向霞在水龙头底下,用香皂洗干净了身子,感觉呼吸间全是花朵的香气,这香皂真是好东西。
洗好澡,拿衣裳换的时候,向霞拿起傅峯买的另外两件文胸,想象他去买文胸的画面,不知该做何感想。
这大小,怎么能这么合适,难不成卖的就一个型号?
作为一个裁缝,她觉得这个不太可能,毕竟有胖死,“大小”呢。
他拿回来的时候,神情看起来不太自在,应该没有给别的女同志买过吧?
今天才穿了一天,她觉得以后再也不会土里土气地弄“两件套”,把褂子穿在里面遮羞了。
她今天走在外头的时候留意了一下,城里头的女同志,年轻一些的,果真大多都是这样穿的。
有傅峯坐中班车的话在先,向霞睡了个安稳觉,第二天挺晚才起床。
她也不知道时间,怕傅峯来了,等在外头,穿好衣裳,用手梳了把头发后,就去把铺子门给开了。

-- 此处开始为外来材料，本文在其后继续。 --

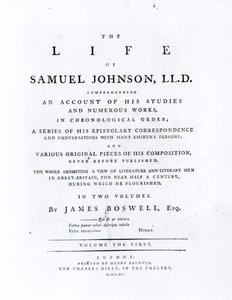 Titelpagina, uit Het leven van Samuel Johnson door James Boswell (1740-1795) door English School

傅峯正蹲在外头抽烟,旁边放着红底印花的洋瓷盆子、木脚盆,还有一块花布,还有别的零碎东西。
“你来了多久了?你怎么不喊我?”向霞有点不安。
“刚到一会。”
傅峯两下把烟吸完了,摁灭烟头,抱着东西进来。
然后他开始在铺子两头的墙壁上钉钉子,接着拉了一根铁丝,把花布挂上去,就成了一道帘子。
帘子将铺子一分为二,外头可以做生意,里头的床被挡着,布料厚实,不走进来,没办法看到里头。
傅峯满意地看着自己的作品:
“等你住进来后,弄个炉子烧水,就像个过日子的地方了。
就还缺做饭的地方,短期内,只能去食店吃了。
以后可以在城里买个房子,晚上关了铺子就回家里住去。”
向霞一听,有点紧张了:“你不会帮我在城里买房子吧!”
她真的有点怕了,怕欠傅峯还不完的债。
傅峯若有所思地看了向霞一眼:“在你不是我啥人的情况下,我估计不会给你买房。”
向霞心说,意思是,她成了他的啥,他就会给她买?
这人是真有钱啊。
亏她还担心他没钱住宿。
她装作没听见他的话,问:“这铺子都已经买了,哪时候开始在这边做活?公社那边是预备我六姐去接着管的,还得先带着她在那边做两场才行,不然怕别人不认。”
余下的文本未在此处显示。